The South Korean government on Wednesday announced a set of innovative growth actions plans, centering on ways to create new jobs and revitalize private investment.
Addressing the automobile, auto parts and shipbuilding industries -- all having undergone extensive restructuring earlier this year -- the government pledged to extend guarantees for corresponding companies and create some 60,000 new jobs for various age clusters within the year. It also revealed a financial program for small-sized businesses and a tax cut for automobile users.
The announcement, however, did not include tangible deregulation solutions for sharing economy businesses that have been in sharp conflict with conventional rivals, as in the recent case of carpool services and the taxi industry.
Deputy Prime Minister and Finance Minister Kim Dong-yeon speaks in a meeting of economy-related ministers on Wednesday.(MOEF)
“The latest policy measures seek to suggest rational solutions to the ongoing business-related disputes, revitalize the market and establish an entrepreneurial environment,” Deputy Prime Minister and Finance Minister Kim Dong-yeon said in a meeting of economy-related ministers, upon releasing the government’s final road map on innovative growth and job creation.
Facing the country’s struggling employment indexes, the government had decided in mid-September that the incumbent economic policies need to be revised in order to respond to declining investor spirit and consumer sentiment.
Wednesday’s ministerial meeting was also attended by several Cheong Wa Dae officials, including Jung Tae-ho, Yoon Jong-won, and Kim Su-hyun -- the senior presidential secretaries for job creation, economy and social affairs, respectively.
“The top priority is to lift restrictions on large-scale private investment programs,” Kim said.
“As for small and mid-sized enterprises, (the government) will activate a 15 trillion-won ($13.3 billion) policy financing program within the year to help them with equipment investment.”
Starting Nov. 6, the nation’s fuel tax will be lowered 15 percent for the following six months, a move expected to create a total tax cut effect of some 2 trillion won, according to the fiscal chief.
Authorities, however, remained ambiguous over a long-stalled plan to ease regulations for innovative businesses such as smart health care and the sharing economy.
“It would be inappropriate to name a specific business,” Kim said after the meeting, in answer to reporters’ question on whether the government has a detailed scheme for the disputed ride-sharing services.
“We will announce a more comprehensive plan in December, including the innovative growth initiative.”
In June, the minister had pledged to “come up with tangible results on deregulation within three month,” setting his target timeline at September at the latest.

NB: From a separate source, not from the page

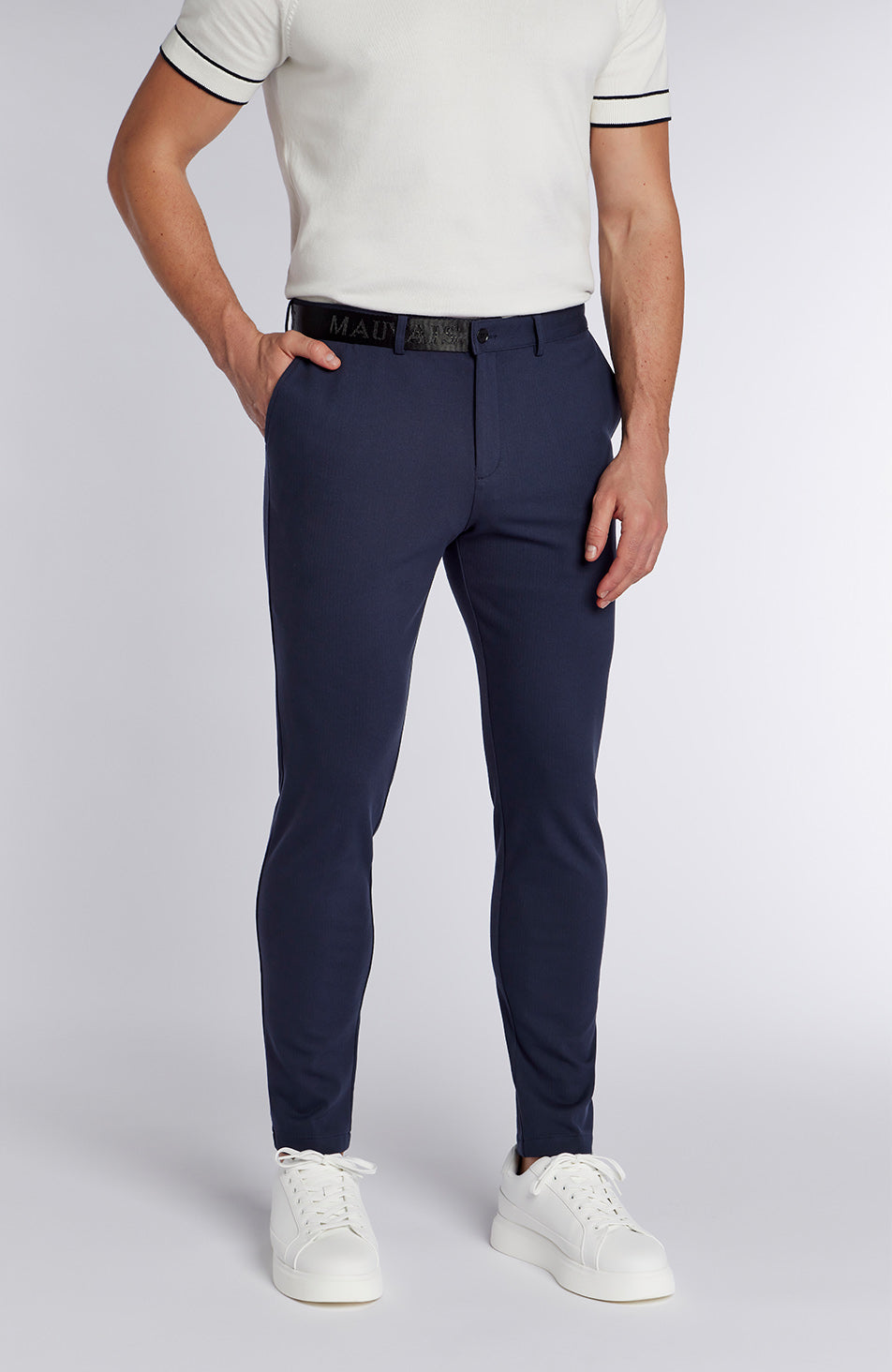 Lenox Core Pants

Kim also sat at a roundtable with sharing economy business leaders, seeking to discuss ways of deregulation.
“South Korea is disreputed for its poor business environment for sharing economy,” he said.
“The key is whether new businesses and conventional ones may create a win-win relationship along the way.”
The discussion, however, made little progress on key pending issues as counterparts such as taxi industry officials were absent, while ride-sharing platform operators participated.
A large group of taxi drivers staged a massive rally in central Seoul last week as part of a protest against IT giant Kakao’s plan to launch a commercial carpool service here. Their claim was that under the current law the operation of public transport should be limited to those certified and licensed.